El populismo es un fenómeno político que se entiende mejor si se describe el cesarismo. Julio César se hizo emperador de Roma cuando colapsó la República, que había sido corroída por la corrupción, la decadencia del Senado y su separación del pueblo romano. Julio César dio un golpe de Estado, sepultó la República y declaró el Imperio.

Desde entonces se han repetido fenómenos similares: los principados italianos en el siglo XV y XVI, el fascismo, el nazismo. Hoy renace en EU o Hungría. En América Latina, Venezuela es el caso más patente.

La república romana y las italianas del renacimiento tenían en común con las democracias contemporáneas un fuerte ingrediente de “gobierno por discusión”, como lo denominó John Stuart Mill; es el gobierno de opinión pública que se traduce en decisiones de Estado. Ese componente es el que suprimen las formas de cesarismo: se acaba la discusión, el debate, la libre expresión, la libertad de manifestación y la libertad de elección y de participación.
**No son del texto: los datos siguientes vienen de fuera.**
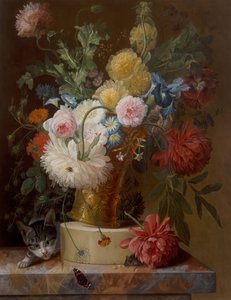 Stilleven van bloemen op een richel met een kat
¿Qué hace esto posible? Cuando el gobierno por discusión se degrada y se convierte en un artificio para satisfacer apetitos particulares, se abre un enorme flanco a los ímpetus dictatoriales de los santones que claman por la salvación mistificada del cuerpo nacional. Siguiendo a Mill, la democracia sólo puede sostenerse cuando el ciudadano educado tiene también una cierta “igualdad de condición”. Si el esfuerzo del ciudadano medio para sobrevivir es desproporcionado a sus beneficios, el ejercicio democrático se convierte en farsa. Las democracias que degeneran la calidad de la política y que no se ocupan de la mejoría del ciudadano medio son el mejor caldo de cultivo para que líderes mesiánicos convenzan a los que están hartos. Así se pone el huevo de la serpiente. Entre mayor sea el número de conversos, mayor será el envión que reciben los mesías, mayor su poder y más grande el despojo a los derechos ciudadanos. La vacuna está en tenr ciudadanos informados, participantes, que tengan la razonable expectativa de una vida buena en una sociedad que la procura.

En un número importante de democracias nuevas se ha producido una erosión considerable de la política y del bienestar. A pesar de la indignación y esfuerzos, la desigualdad social aguda se ha convertido en una presencia “natural” o incluso deseada, como es el caso de la actual élite que gobierna Estados Unidos. No sabemos si existe un antídoto. Venezuela es ejemplo de esta tragedia que pone de manifiesto que la contradicción principal de nuestro tiempo no es entre izquierda y derecha, sino entre autoritarismo y democracia.